> **What is required**: Below are the entries to work from; restate word for word the portion that opens with the line containing "ชุดแต่งไฟหน้า, ไฟท้าย Honda Accord G8" and closes with the line containing "Шумоизоляция пола Toyota", keeping both.

> **Supplied data**:
———

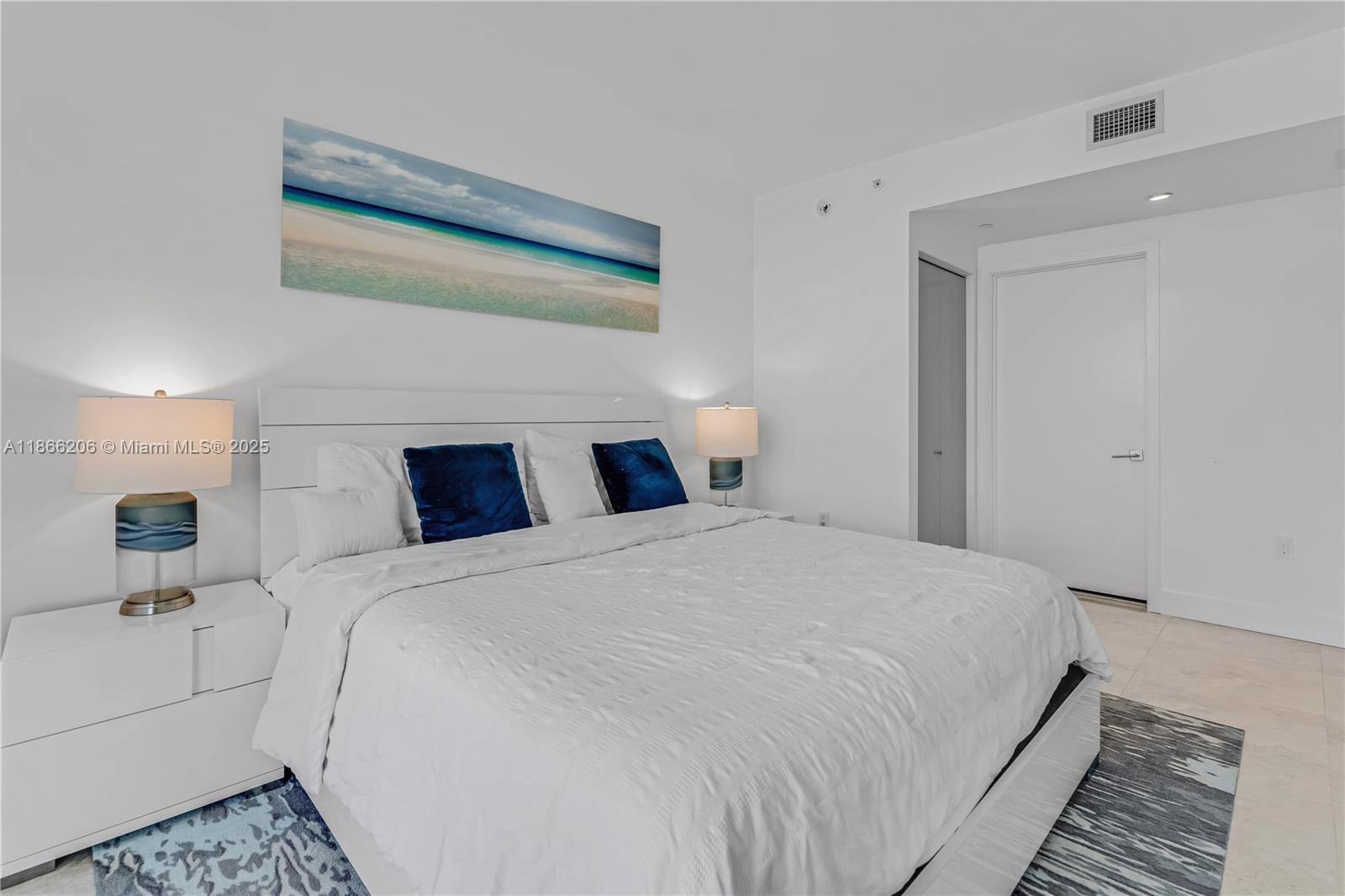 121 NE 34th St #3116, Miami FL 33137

———

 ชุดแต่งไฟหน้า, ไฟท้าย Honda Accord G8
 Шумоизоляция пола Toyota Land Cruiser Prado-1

———

> **Answer to the problem**:
 ชุดแต่งไฟหน้า, ไฟท้าย Honda Accord G8
 Шумоизоляция пола Toyota Land Cruiser Prado-1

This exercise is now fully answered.